TASK TO CARRY OUT =
All lines in the entries below that hold "white" make up the answer.

↓

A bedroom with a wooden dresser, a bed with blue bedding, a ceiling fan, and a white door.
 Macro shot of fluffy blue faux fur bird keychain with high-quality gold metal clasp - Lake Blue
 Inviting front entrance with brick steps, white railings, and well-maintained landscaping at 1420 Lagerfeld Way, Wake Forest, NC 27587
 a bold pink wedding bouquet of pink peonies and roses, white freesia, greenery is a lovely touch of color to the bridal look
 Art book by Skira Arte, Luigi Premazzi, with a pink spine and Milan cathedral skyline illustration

↑

EXERCISE OUTPUT =
A bedroom with a wooden dresser, a bed with blue bedding, a ceiling fan, and a white door.
 Inviting front entrance with brick steps, white railings, and well-maintained landscaping at 1420 Lagerfeld Way, Wake Forest, NC 27587
 a bold pink wedding bouquet of pink peonies and roses, white freesia, greenery is a lovely touch of color to the bridal look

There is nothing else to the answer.